Article ID | Journal | Published Year | Pages | File Type |
---|---|---|---|---|
4602442 | Linear Algebra and its Applications | 2009 | 10 Pages |
We show that the determinant objective function introduced in Ejov et al. [V. Ejov, J. A. Filar, W. Murray, G.T. Nguyen, Determinants and longest cycles of graph, SIAM J. Discrete Math. 22 (33) (2008) 1215–1225] performs well under a certain symmetric linear perturbation.
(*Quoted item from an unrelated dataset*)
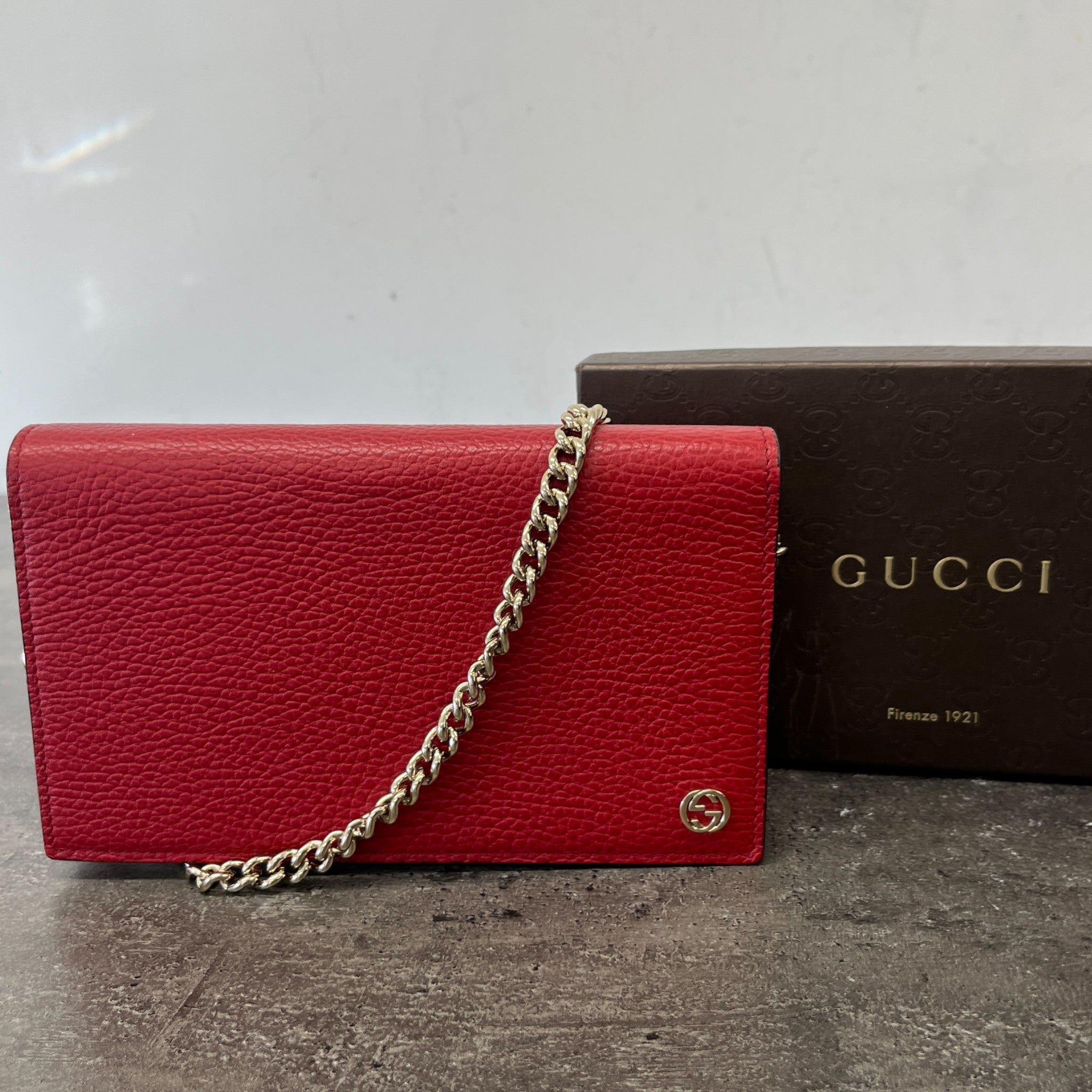 Women's Interlocking G Wallet On Chain Bag Red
That means sub-graphs corresponding to Hamiltonian cycles of a given graph are maximizers over the hull of all sub-graphs with perturbation parameter ε∈[0,1). Note that in other optimization formulations (see, for example [V.S. Borkar, V. Ejov, J.A. Filar, Directed graphs, Hamiltonicity and doubly stochastic matrices, Random Structures Algorithms 25 (2004) 376–395; V. Ejov, J.A. Filar, M. Nguyen, Hamiltonian cycles and singularly perturbed Markov chains, Math. Oper. Res. 29 (1) (2004) 114–131; J.A. Filar, K. Liu, Hamiltonian cycle problem and singularly perturbed Markov decision process, in: Statistics, Probability and Game Theory: Papers in Honor of David Blackwell, IMS Lecture Notes – Monograph Series, USA, 1996]), ε in the corresponding perturbation was required to be significantly small.